» **What you will do**: Retype only the lines from the top of the records to the line with "I'm Nick, and", including that line but none of the pictures.

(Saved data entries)
%%

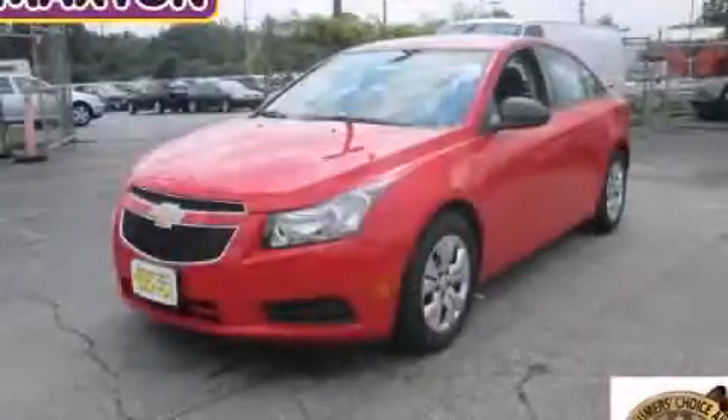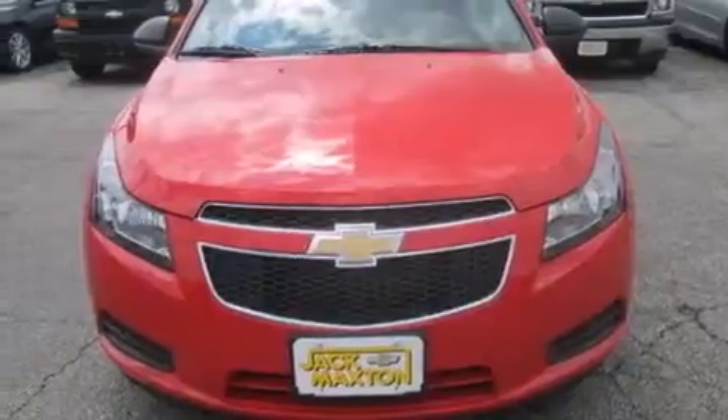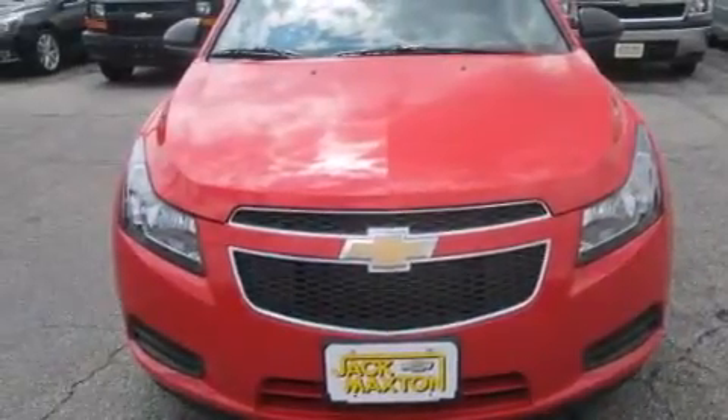This is a brand new 2014 Chevrolet Cruze. It has a 1.8-liter four-cylinder engine and an automatic transmission.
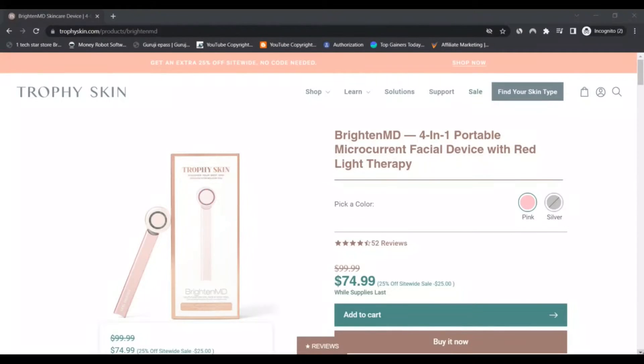I'm Nick, and you're watching Next Camera Advisor. Today we are talking about Trophy Skin BrightnessMD reviews. Stay connected with this video to know all about the Trophy Skin BrightnessMD.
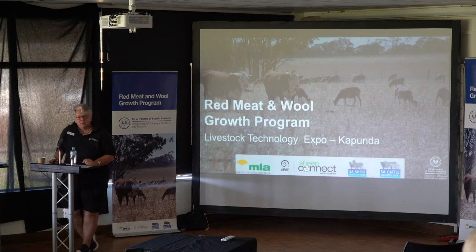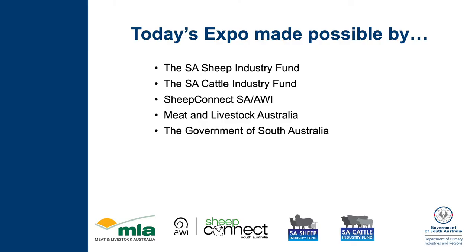The Red Meat and Wool Growth Program is delivered by the Department of Primary Industries and Regions to accelerate growth in the red meat and wool sector, with a major focus on rebuilding the flock and herd. The program is supported by Meat and Livestock Australia, Sheep and Cattle Industry Funds of South Australia, Australian Wool Innovation through Sheep Connect South Australia, and Animal Health Australia.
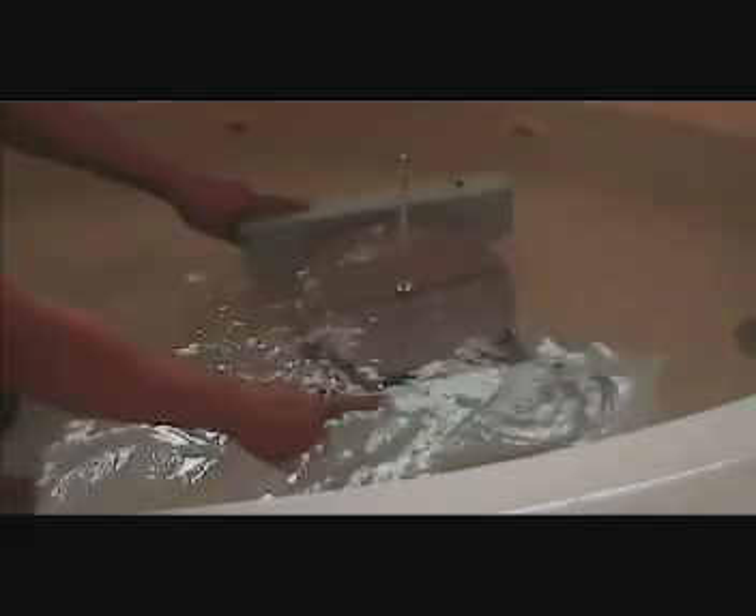Therefore, you can see, when we move it, it turns.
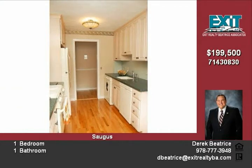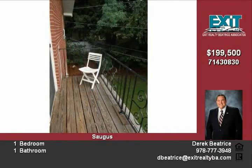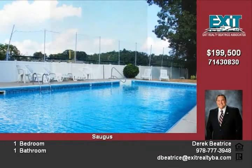Don't wait, this unit won't last. For more information or to view this property, please call Donna at 617-640-6542.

%%

» **Response**:
This is a brand new 2014 Chevrolet Cruze. It has a 1.8-liter four-cylinder engine and an automatic transmission.
I'm Nick, and you're watching Next Camera Advisor. Today we are talking about Trophy Skin BrightnessMD reviews. Stay connected with this video to know all about the Trophy Skin BrightnessMD.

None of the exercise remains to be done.